Enrique Pérez Díaz es un autor de cruzamientos, un autor tan híbrido como sus textos, a los cuales dota —y a la par se dota a sí mismo— de una circularidad aparente —adviértase la importancia de la palabra «apariencia». Sus personajes —y su viaje de crecimiento— no necesitan iniciar faenas kilométricas en busca de la identidad y de su significado, no se embarcan en búsquedas más allá de su punto de origen —de hecho, nunca abandonan físicamente ese espacio. El verdadero viaje de estas criaturas ocurre en el plano simbólico —espiritual si se quiere— y es una faena tan tenaz como aquella que movilizó a los grandes héroes de las sagas pretéritas. Es en ese plano, aquel que existe cuando cerramos los ojos y nos encontramos con nuestro doble en el espacio de la nada —que es también el espacio del todo— donde ocurre la acción, su evolución y su circularidad; una circularidad que ha de verse como espiral, en la misma medida en que los personajes no retornan al mismo punto sino que ascienden por la escalera del viaje de infinito retorno.
Las referencias visuales aparecen aquí y allá, y enriquecen también el cosmos de la narrativa sin convertirse en un manual de la sapiencia del autor. Enrique, más que exhibir la totalidad de la referencia, elige el símbolo, lanza la piedra en el estanque de la curiosidad del lector y espera por el avance de la onda. Y esto se agradece. Se agradece el ejercicio que provoca el interés por la búsqueda y el conocimiento.

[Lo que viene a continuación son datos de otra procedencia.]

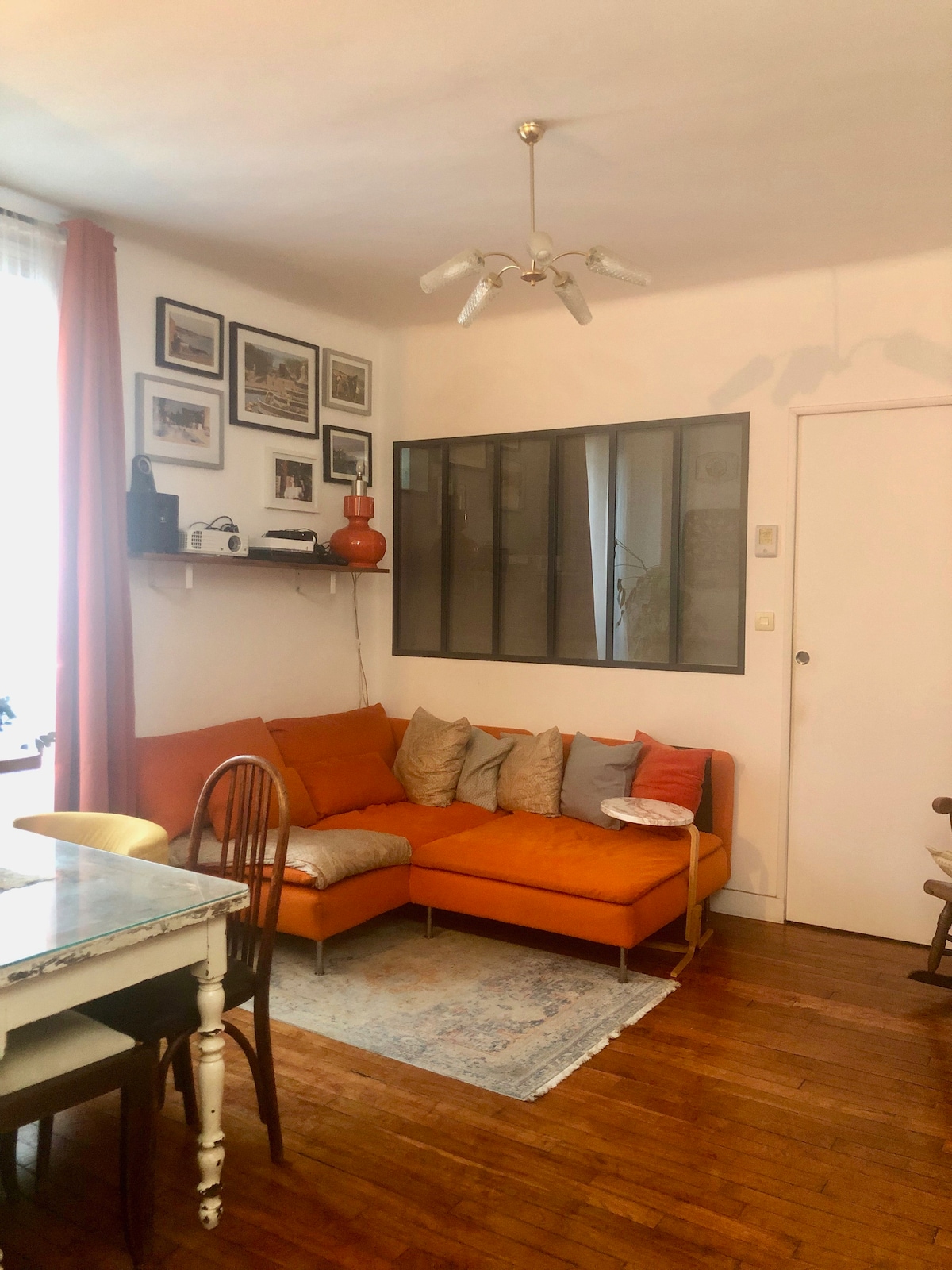 A cozy living area is featured with a bright orange sectional sofa adorned with multiple cushions. A minimalist glass partition separates the space, and framed photographs decorate the walls. A wooden dining table and chairs occupy one side, complemented by a softly patterned area rug.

Al igual que Frida niña nos sentimos todos a veces: atrapados en el punto donde se unen dos mundos, y donde estos eclosionan. De un lado, la brusca realidad donde se mezclan lágrimas y belleza; del otro, la madeja simbólica donde el sueño se transforma, poco a poco, en una concreción que teje y danza. También como Frida niña, todos en ocasiones hemos decidido danzar sobre el puente que conecta a los dos mundos, sobre ese puente donde las fronteras se difuminan.

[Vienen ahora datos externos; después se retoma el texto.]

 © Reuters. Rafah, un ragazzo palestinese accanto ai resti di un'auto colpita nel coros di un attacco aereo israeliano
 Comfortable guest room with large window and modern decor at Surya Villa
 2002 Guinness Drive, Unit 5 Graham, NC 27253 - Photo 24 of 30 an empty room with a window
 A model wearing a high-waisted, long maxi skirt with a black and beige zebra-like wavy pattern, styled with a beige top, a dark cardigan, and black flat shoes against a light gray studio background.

Enrique Pérez Díaz (La Habana, 1958). Periodista, crítico y narrador. Conocido por sus polémicos libros para niños y jóvenes traducidos en una veintena de países a más de 15 idiomas. Ha recibido el Premio Ismaelillo y La Rosa Blanca de la Uneac, La Edad de Oro, Aniversario del Triunfo de la Revolución del MININT, Premio Abril y Premio Especial Abril. Finalista de los Premios Edebé y Verbum, de España y del Premio Iberoamericano del IBBY «Para Leer el XXI». Actualmente dirige el Observatorio Cubano del Libro y la Lectura y ofrece conferencias y talleres sobre este tema. Entre sus libros más recientes figuran: ¡Odio la escuela!, Editorial Unicornio, Artemisa, 2018; Ángel de otoño, Ed. Gente Nueva, La Habana, 2018; ¿Dónde estás, Paulo?, Ediciones Orto, Manzanillo, 2018, y Miedo en el cine, Ediciones Icaic, La Habana, 2018.
Las tres Fridas
A M.G.E, que en su alma lleva el espíritu de México.
«Pies para qué tengo,
si tengo alas para volar»1.
Frida Kahlo
Frida tiene diez años y un gran problema: no le gusta su nombre. Lo repele; es abominable; la acompleja y la hace infeliz. Todos en clase le gritan «Frigia», «Fría», «Frica» y nadie acierta a llamarla como es.

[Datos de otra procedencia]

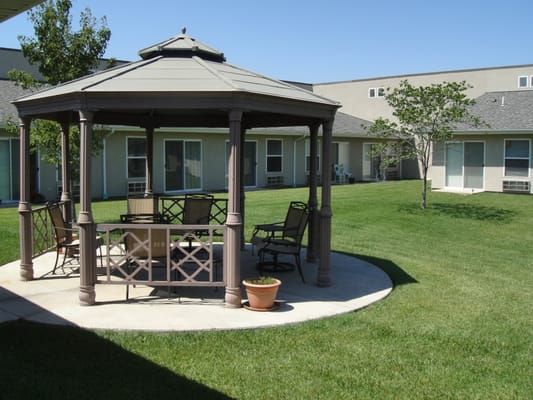 Gazebo in a grassy outdoor area of a facility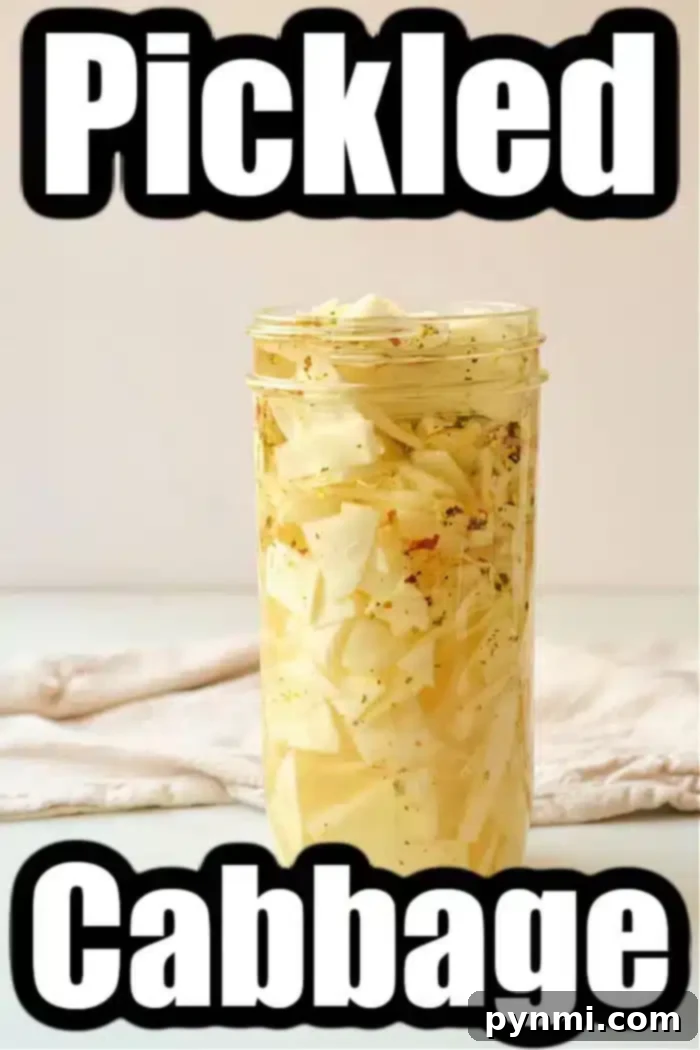 Zesty Quick Cabbage Pickle 4 A clear glass mason jar of quick pickled cabbage sits on a light surface. The jar is packed with thinly sliced cabbage in a yellowish brine, containing visible herbs and spices. The words "Quick Pickled Cabbage" are prominently displayed above and below the image. A soft, textured cloth is partially visible in the background, adding a touch of rustic charm to the scene.
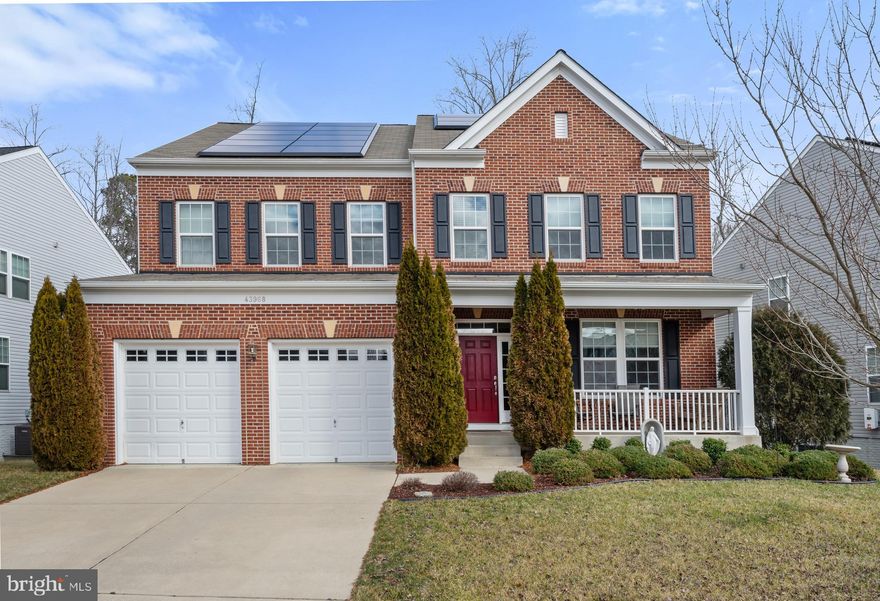 This beautiful Brick Front Colonial is located in Woodland Park at Wildewood.  **ENERGY EFFICIENT**   Outstanding features of this home include TESLA Solar Panels *OWNED* not leased!  TESLA EV Car Charger in Garage.  HOT TUB to unwind on your private rear Trex Deck backing to trees.   Every bedroom of this home offers EN-SUITE BATHS for privacy!
Main Level offers gleaming hardwood floors, an expansive gourmet kitchen with stainless steel appliances, center Island with seating, granite counter tops, upgraded 42" maple cabinetry with crown molding, gas range, pantry, and table space.  A spacious Family Room off kitchen features a gas fireplace with mantel and plenty of seating space for entertaining.   There is also a Formal Dining Room and Living Room currently being used as home office.   Upstairs you will find all Bedrooms include walk-in closets, ceiling fans with lighting,  and en-suite baths.  The Primary bedroom boasts two  expansive walk-in closets, a Luxury bath with soaking tub,  a separate walk-in shower, an extra long dual sink vanity, and gorgeous ceramic tile throughout.  Another bedroom with its own private en-suite bath and two additional bedrooms with their Jack and Jill bath.  Enormous Lower level is complete with plenty of windows letting in the daylight, a walk-out to rear yard,  a rough-in for future bath, with tons of space for rooms and finishes!  Concrete Driveway, Front Load garage with openers, and covered front porch.  Community amenities include: Swimming pools, walking trails, multiple playgrounds, community lake, Clubhouse, tennis courts, cycling lanes and more. Conveniently located near local beaches, parks, shopping, museums, boardwalks, restaurants and theaters. As well as close proximity to Patuxent Naval Air Station (PAX),  Solomons Island, and the Leonardtown Wharf.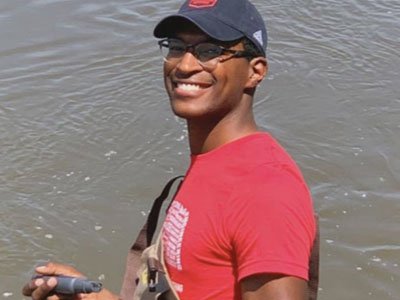 Seth Caines (Biological Systems Engineering student) standing in lake water doing a test.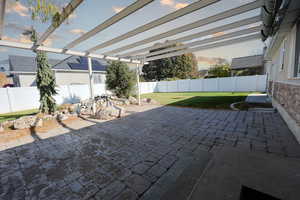 Patio terrace at dusk featuring a lawn and a pergola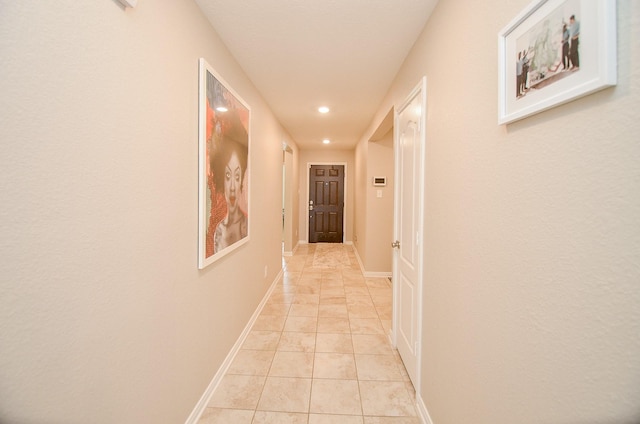 hall featuring light tile patterned flooring and baseboards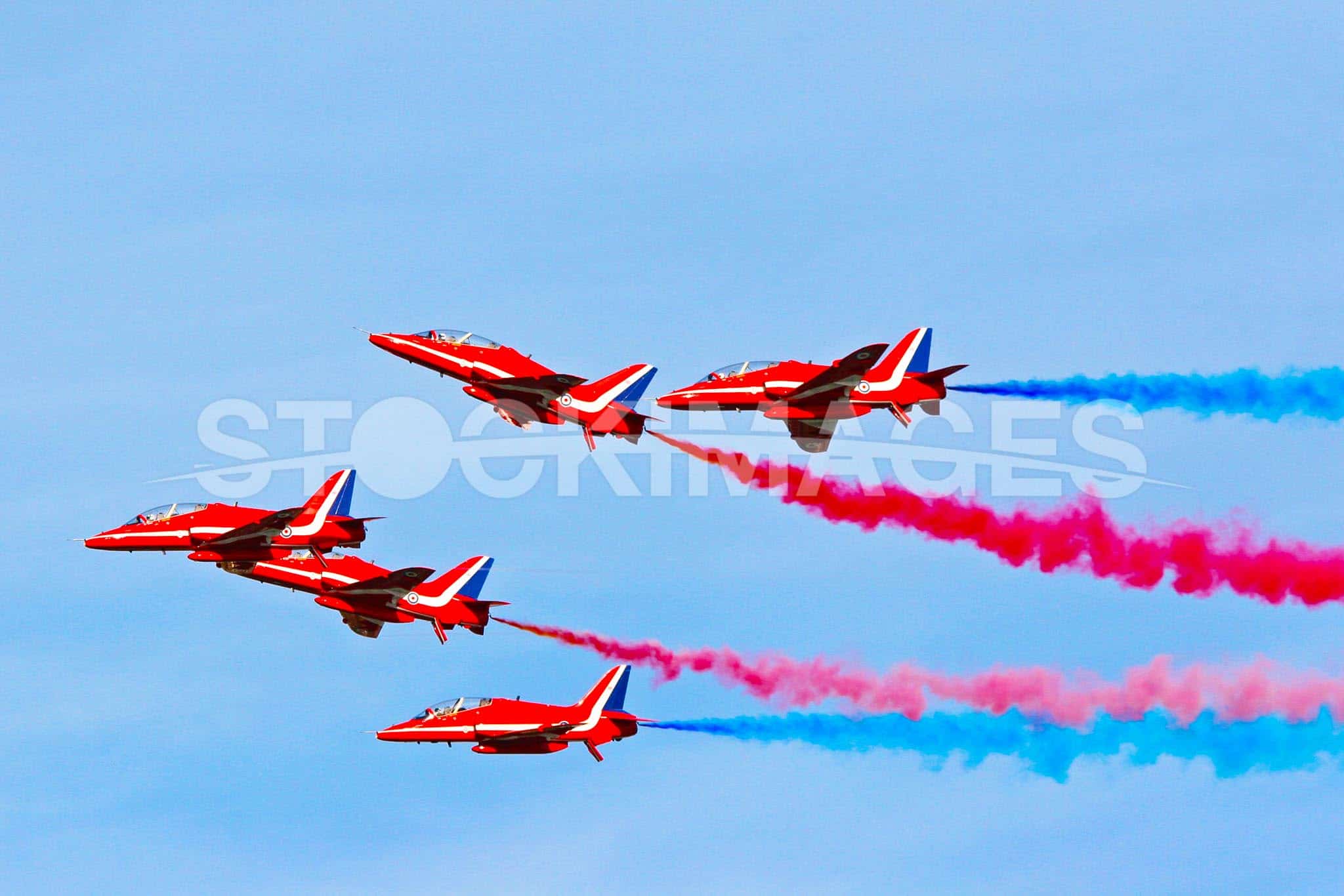 The RAF Red Arrows displaying at Dartmouth, their vibrant colours piercing the sky.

Pero ese no es, lamentablemente, su único problema en esta vida. Su papá y su mamá viven juntos, pero no revueltos. Es algo muy raro, que Frida todavía no entiende bien. Se casaron, la tuvieron a ella, pero en realidad aman a otras personas. Papá Frank tiene una novia pintora y Mamá Sofhie un novio, roquero como ella.
La abuela mira al cielo cuando hablan de esto y le dice a Frida: Ay, mi niña, les espera el infierno.
Frida lee un libro muy pequeño sobre una mujer muy grande. Se lo regaló un señor en la Feria Internacional del Libro. Un hombre joven, de aspecto jovial y que vende los Libros más pequeños del mundo.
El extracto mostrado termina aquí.